Einige Tage verbringt Nathan noch in der Heldenzentrale, um einige abschließende Tests zu absolvieren. Die Fähigkeit, welcher er zum Opfer gefallen ist, wurde bisher nämlich noch nie registriert. Ich durfte direkt gehen und wurde daher von meinem Team nach Hause begleitet. Gemeinsam haben wir uns um den Hof gekümmert und wieder zu etwas Normalität gefunden.

Als Nathan schließlich ebenfalls wieder für geheilt erklärt wird, werden wir wieder in die Heldenzentrale bestellt. Die Schurken verhalten sich verdächtig ruhig. Wobei das auch dem Fehlen so vieler starker Persönlichkeiten zuzuschreiben ist. Wir haben einen heftigen Schlag gegen die Unterwelt austeilen können. Und durch den Wegfall eines so alten Schurken werden sich sicherlich auch im Untergrund einige Kämpfe um die neue Machtposition abspielen.

Wir betreten gerade das Foyer, da ertönt ein lauter Applaus aus allen Richtungen. Ich werde weiter nach drinnen geschoben, da ich überrascht stehen geblieben bin, und lande im Zentrum. Alle Helden, die bei dem großen Kampf dabei gewesen sind, haben sich hier versammelt. Mir gegenüber steht Antonio und lächelt mich breit an, während ich mich noch vollkommen überfordert fühle.

Mein Blick wandert zu meinem Team, welches sich zurückgezogen hat und ebenfalls breit lächelnd applaudiert. Diese Idioten wussten also, was hier geplant gewesen ist. Da hätten sie mich aber auch ruhig etwas vorwarnen können! Das bekommen sie zurück!

Als Antonio die Hand hebt verstummt schließlich der Applaus und eine gespannt Stille kehrt ein. „Wir haben uns heute hier versammelt, um eine besondere Heldin zu ehren. Eine Frau, die dem Bösen trotzt und uns Helden vereint hat wie niemand sonst." Ich spüre, wie ich langsam rot werde, weil diese Situation einfach so unangenehm ist. „Scarlett Voight, wir danken dir für deinen Einsatz! Nur dank dir sind alle Helden lebend zurückgekehrt. Wenn du nicht gewesen wärst, hätten die Schurken wahrscheinlich nicht besiegt werden können."
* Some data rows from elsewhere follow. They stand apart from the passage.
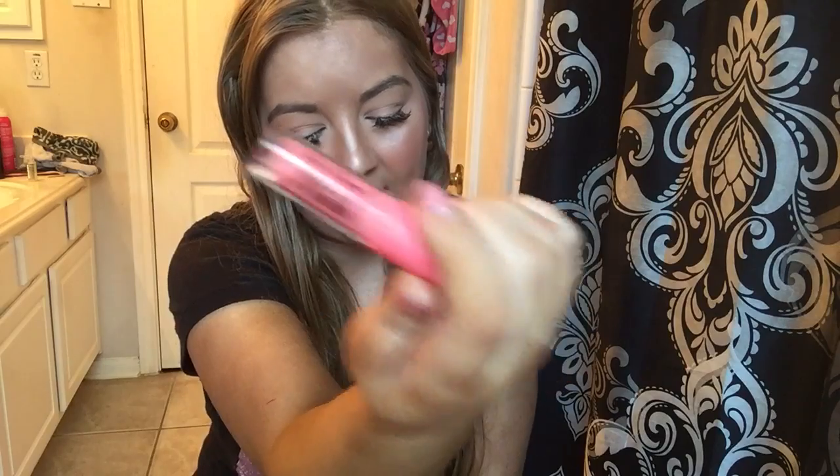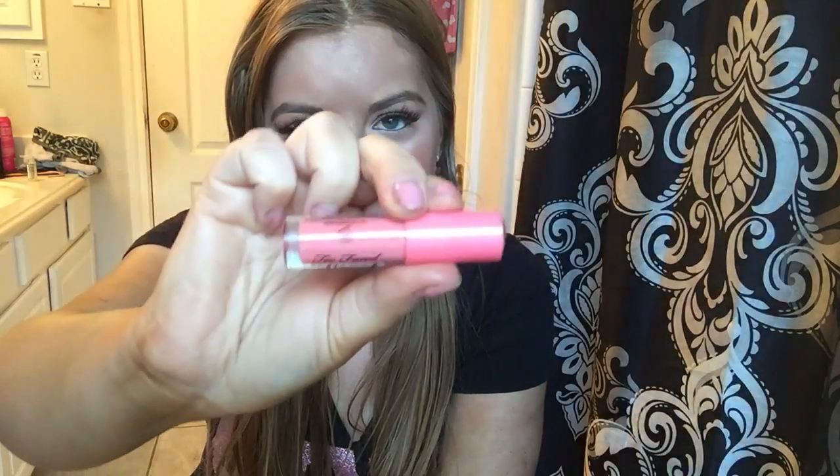The next items — I should say items — are the Too Faced Sweet Peach Creamy Peach Oil Lip Glosses, and there are three different shades: Peach Buzz, Papa Don't Peach, and Pure Peach. I actually got this one from Sephora as a points item — it was only about a hundred points — so that's why it's the mini size. This shade is more of a pink-orangey color.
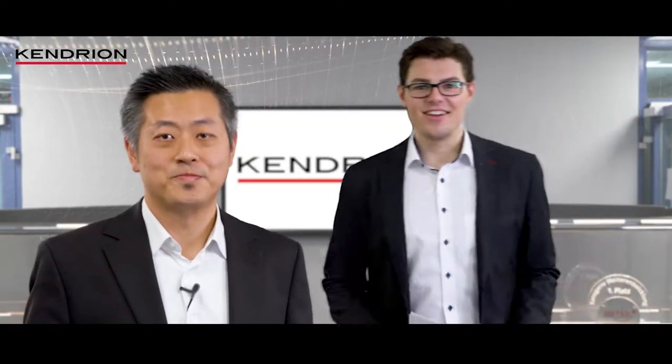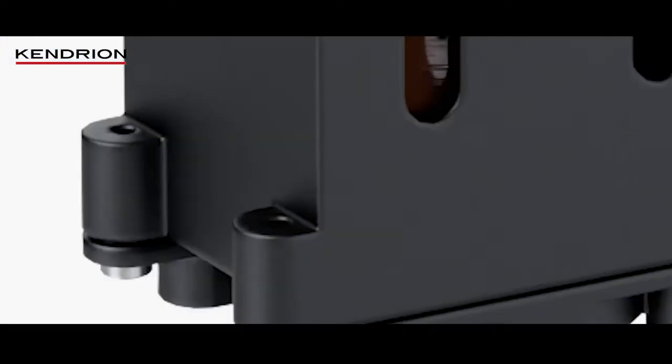My name is Lauren Stioso and I am Janis Paap, and together we would like to introduce our latest development in the field of solenoid technology: the Power Pinch Valve from Kendrion.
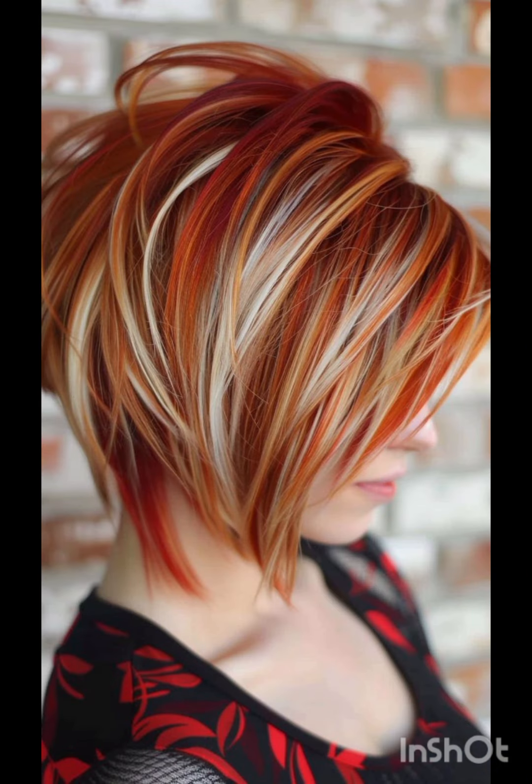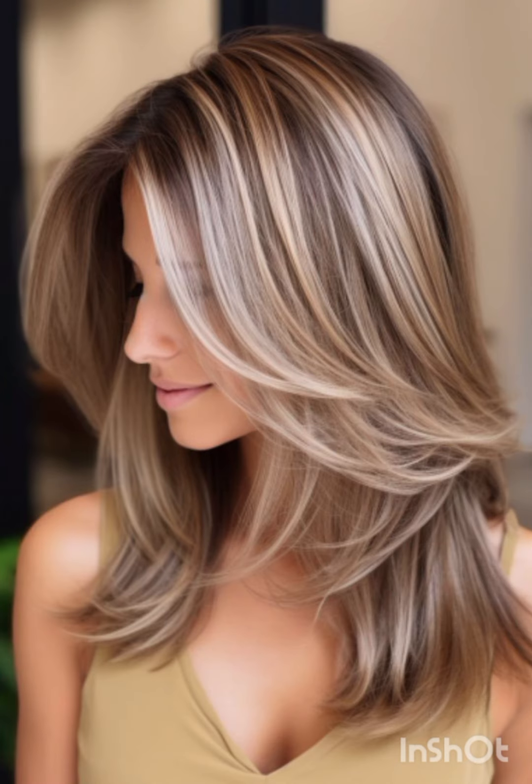So you never miss an update. Let's get started. A pixie cut is a short hairstyle typically characterized by its cropped length and close-cropped sides, often with longer layers on top that can be styled in various ways. It's a versatile and low-maintenance choice for those looking for a bold change in their appearance.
Wieder ertönt Applaus und ich habe keine Ahnung, was ich dazu sagen soll. Doch das muss ich glücklicherweise auch nicht. Plötzlich taucht nämlich Clarissa auf. Sie und einige ihrer Kopien verteilen Getränke und Essen. Diese unangenehme Situation verwandelt sich so langsam in eine kleine Feier, was direkt viel angenehmer ist.

Entspannt kann ich nun mit einigen Helden sprechen und mich vergewissern, dass sie noch immer Vertrauen in mich haben. Ich hatte eine Zeitlang Bedenken, dass sie Angst haben und sich von mir abwenden. Oder mich einsperren wollen, weil ich zu gefährlich bin. Doch das ist nicht der Fall. Und ich bin wirklich sehr erleichtert. Es wird zwar nicht mehr so sein wie zuvor, doch das muss es ja auch nicht. Solange ich meine Kameraden an meiner Seite habe, werde ich mich allem stellen können.

Da können die Unfälle, Naturkatastrophen und Schurken nur kommen!